Island in southeast Alaska, US

Admiralty Island is an island in the Alexander Archipelago in Southeast Alaska. It is 145 km (90 mi) long and 56 km (35 mi) wide with an area of 4,264.1 km^{2} (1,646.4 sq mi), making it the seventh-largest island in the United States and the 132nd largest island in the world. It is one of the ABC islands in Alaska. The island is nearly cut in two by the Seymour Canal; to its east is the long, narrow Glass Peninsula. It's separated from Kupreanof Island in the south by Frederick Sound. Most of Admiralty Island—955,747 acres (3,868 km^{2})—is protected as the Admiralty Island National Monument administered by the Tongass National Forest. The Kootznoowoo Wilderness encompasses vast stands of old-growth temperate rainforest. These forests provide some of the best habitat available to species such as brown bears, bald eagles, and Sitka black-tailed deer.

Angoon, a traditional Tlingit community home to 572 people, is the only settlement on the island, although an unpopulated section of the city of Juneau comprises 264.68 km^{2} (102.19 sq mi) (6.2 percent) of the island's land area near its northern end. The island's total population at the 2000 census was 650.

The national monument is sacred to the Angoon Community Association, a Tlingit tribe, who live in Angoon on the western coast of the island. The Tlingits fought to make protection for the island a part of ANILCA legislation, and continue to engage in stewardship of the island's natural resources.
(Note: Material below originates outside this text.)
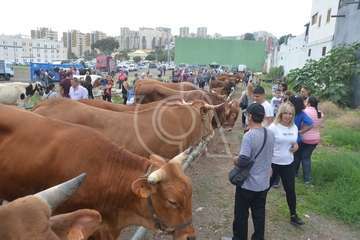 La feria de ganado, atractivo principal de la jornada matutina en Jinámar (Foto Antonio Alí y Francisco Javier Santana)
Many of Angoon's residents make daily subsistence use of the national monument.

== History ==
The Tlingit language name for the island is Xootsnoowú, which is commonly interpreted as "Fortress of the Bear(s)", and gives its name to hooch.

The island was named by British naval officer George Vancouver in honor of his Royal Navy employers, the Admiralty. Joseph Whidbey, master of the Discovery during Vancouver's 1791–95 expedition, explored it in July–August 1794, in the process circumnavigating it.

The Admiralty Island National Monument was created December 1, 1978, by President Jimmy Carter. In the Alaska National Interest Lands Conservation Act Congress designated all but 18,351 acres (74 km^{2}) of the monument as the Kootznoowoo Wilderness, ensuring that the vast bulk of this monument is permanently protected from development. The monument is administered by the U.S. Forest Service from offices in Juneau.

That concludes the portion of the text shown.